The core of the campaign is embedded in its arresting name: love your enemy. Not, ‘let them get away with anything’ — that’s not love. As a friend of mine said right after the original 9/11, “terrorism cannot be condoned; but it can be understood.” But reach out to someone with whom you’ve had a difficulty, so that you act as a personal model of the behavior we want to see eventually in our society. Acts of forgiveness and reconciliation can be tricky, however. They are always helpful — certainly at least for the forgiver — but given the depth of human consciousness there are often deeper currents of resentment that remain unresolved. In order to make our gestures toward reconciliation real, we have been recommending that participants experiment with a five-part program we worked up for anyone who, after getting a vision of the world we want, wants to embody that world and be an effective agent of bringing it to birth:
· As far as possible, boycott commercial mass media, with their violence and materialism, their embarrassingly low image of the human being. Instead,
· Learn everything we can about nonviolence. Do not take it to be a bundle of tactics, but a way of being and acting life that directly counters, and can replace the old story. (We’re here to help.) Taken in this way, nonviolence is actually a culture, fully embedded in science and spiritual wisdom. It can replace the culture we have begun to cast aside in step one.

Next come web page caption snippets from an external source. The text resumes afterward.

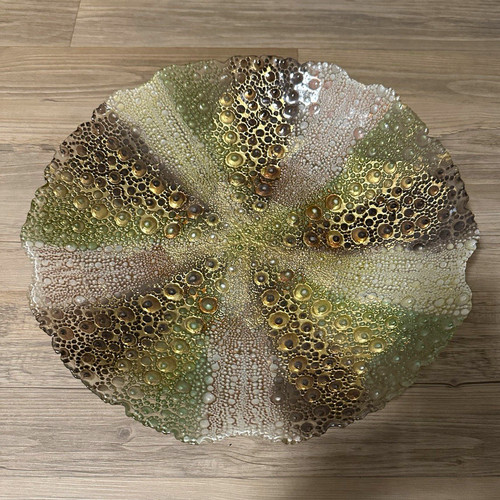 Große kunstglas schale 40cm - große,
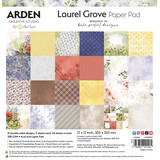 Arden Creative Studio Laurel Grove 12x12 Inch Paper Pad (ACSPP0012)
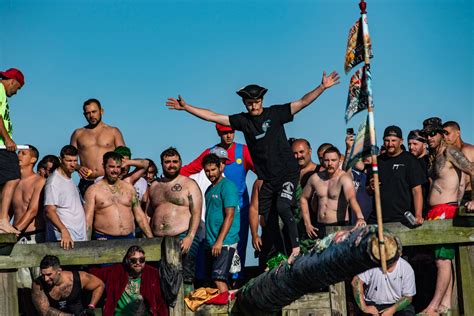 Watch: Gloucester's greasy pole contest for 2024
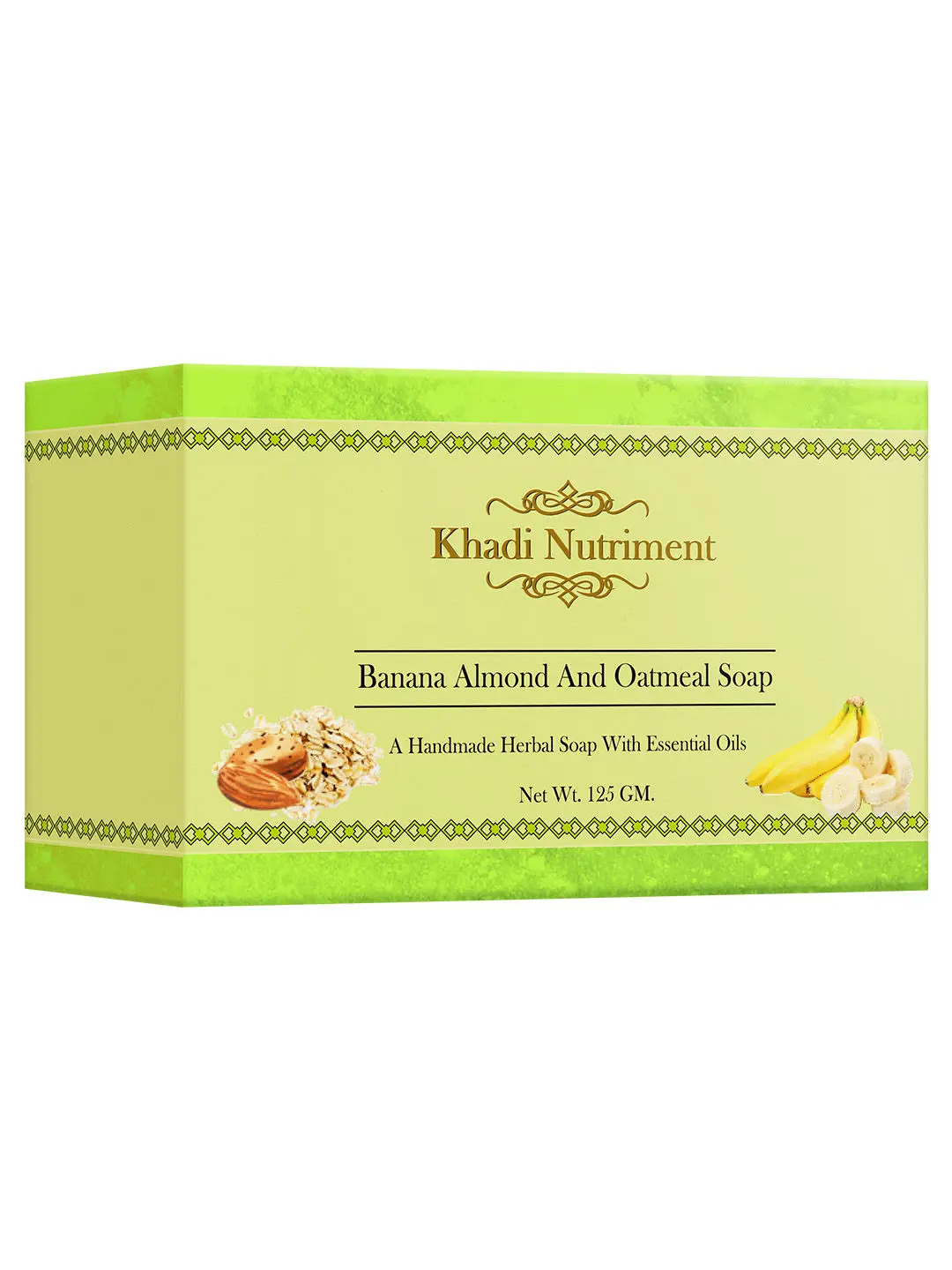 Khadi Nutriment Banana Almond And Oatmeal Soap (125 g)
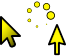Yellow Axolotl Cursors preview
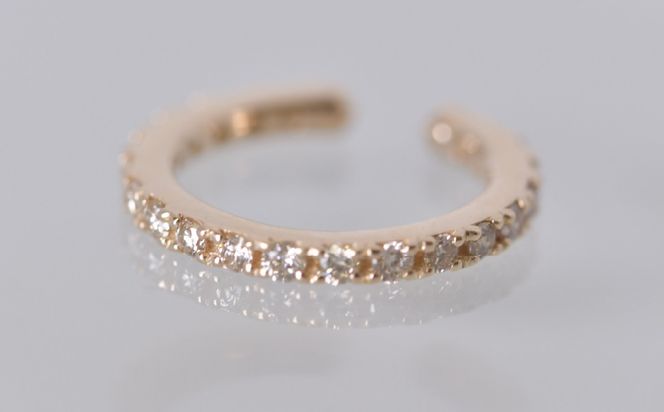 0.2ct 10金 イヤーカフ イエローゴールド 管理番号RTJ-019 246-001-YG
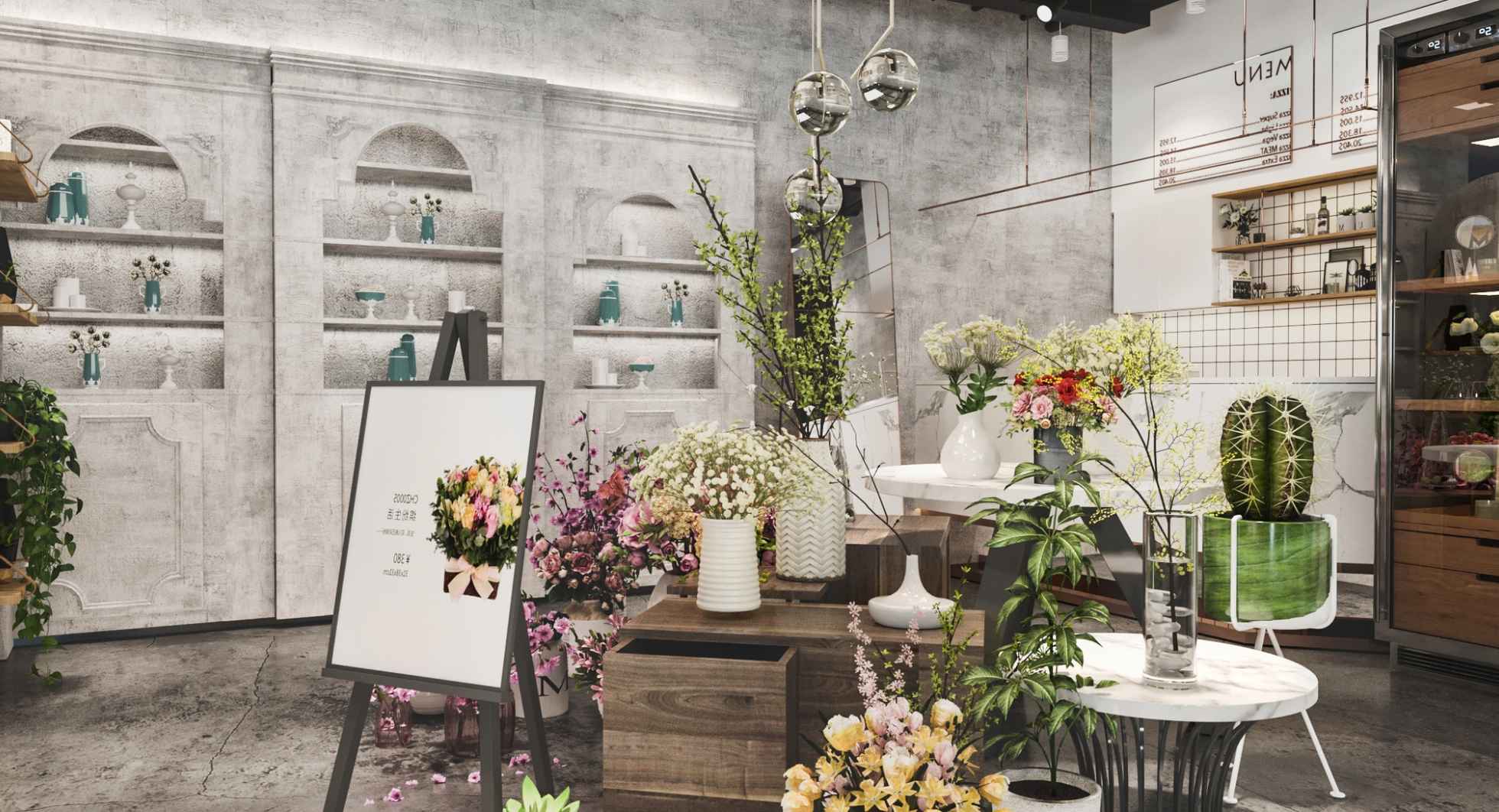 Thiết kế shop hoa tươi Lưu ý thiết kế shop hoa tươi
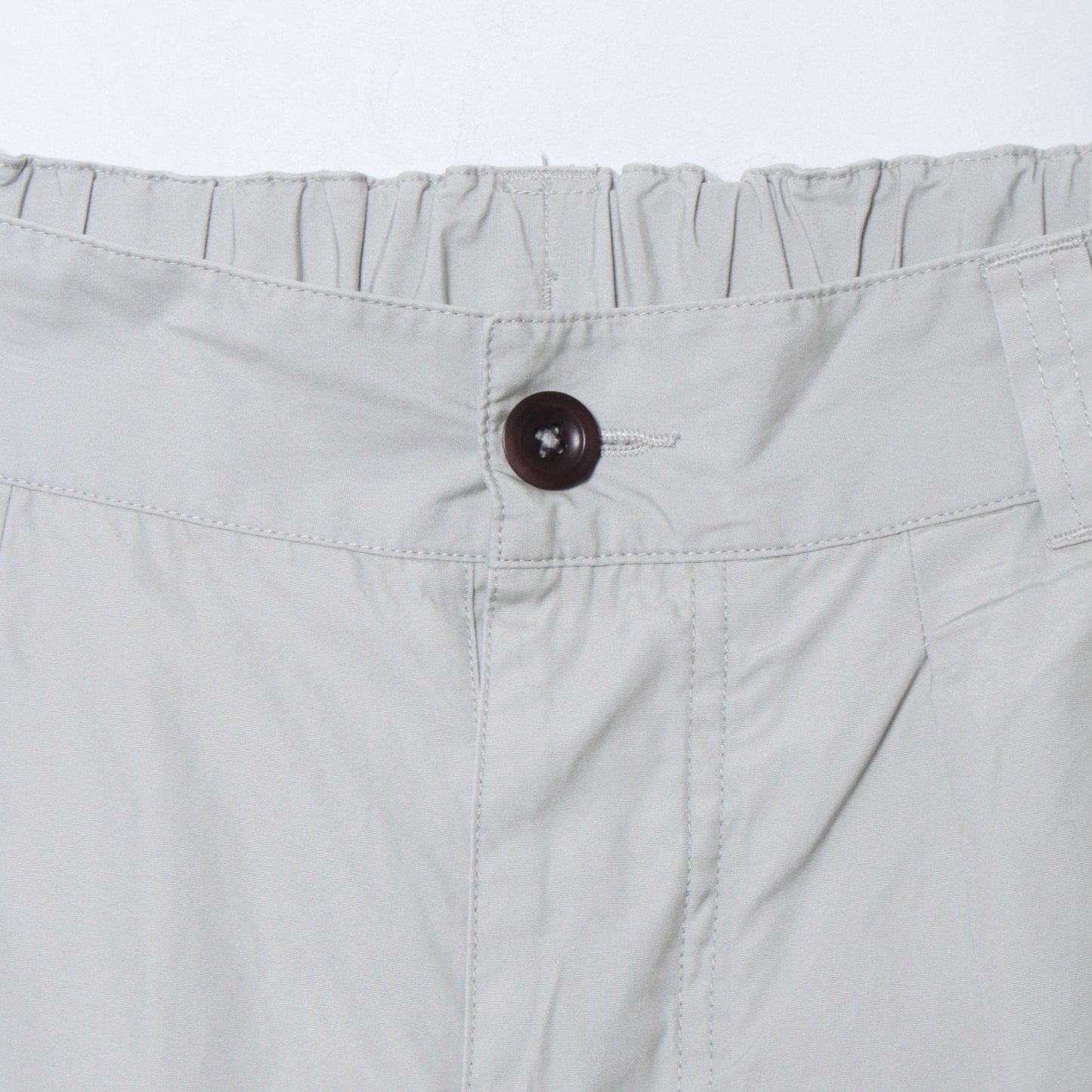 FINE COMPACT COTTON POPLIN TROUSERS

· If we haven’t already done so, find a spiritual practice.
· Humanize our daily life: make personal contact instead of ‘virtual’ relating wherever possible; think of love and service as our way of being in the world. Human contact, even if not conflict-free, can effectively replace the need for entertainment that drives us into passive media: “one good latte with a friend is worth five bad movies.”
· Get involved in a project of peace, social justice, environmental protection, or all of the above. Be idealistic but strategic: where can you really make a difference? ESRA, the brain-child of Rabbi Lerner and the Network of Spiritual Progressives, is a natural.
The fourth point that unfolds into the eponymous exercise of ‘love your enemy’: patch up a soured relationship. Start with a relatively easy relationship to address, like a neighbor with whom you’ve disagreed over where his dog answers the call of nature, and build up at your own pace to more serious disagreements. Remember, the goal is not to win over the other person, though that would be lovely: it’s primarily to win over the alienation in your own mind: as St. Augustine said, “imagine thinking your enemy can do you more damage than your enmity.”
Metta is acting as a hub for sharing stories about successes with all this, especially such reconciliations, by conducting regular conference calls and a blog. All this is preparation for:
A Nationwide Satyagraha. Now individuals, most of whom have hopefully been practicing these steps along with us, observe the following on the three days surrounding 9/11:
September 10: A ‘media fast’ and, for those inclined to do so, a day of silence in shared grief and commemoration for the dead and for the attendant violence that has caused and is causing the death of so many.
September 11: Call on public places to turn off inflammatory media and instead engage in dialogue about the causes of terrorism and the basis of real security. Have a look at the discussion points on our website.
September 12: Participate in a nationwide conversation to share further stories and plan next steps. Be in touch with Stephanie@MettaCenter.org to join in that conversation.
In the end, the real freedom struggle is to free ourselves from hatred and alienation; as King said, “I will never let anyone bring me so low as to make me hate him.” Gandhi added his characteristic practicality by saying, “I have learned from bitter experience the one supreme lesson to conserve my anger, and as steam conserved is converted into energy, anger conserved can be turned into a force that can change the world.” LYE is a chance to carry out just such an “experiment with truth:” to turn the sting of 11 September into a step on the long road forward toward beloved community and peace.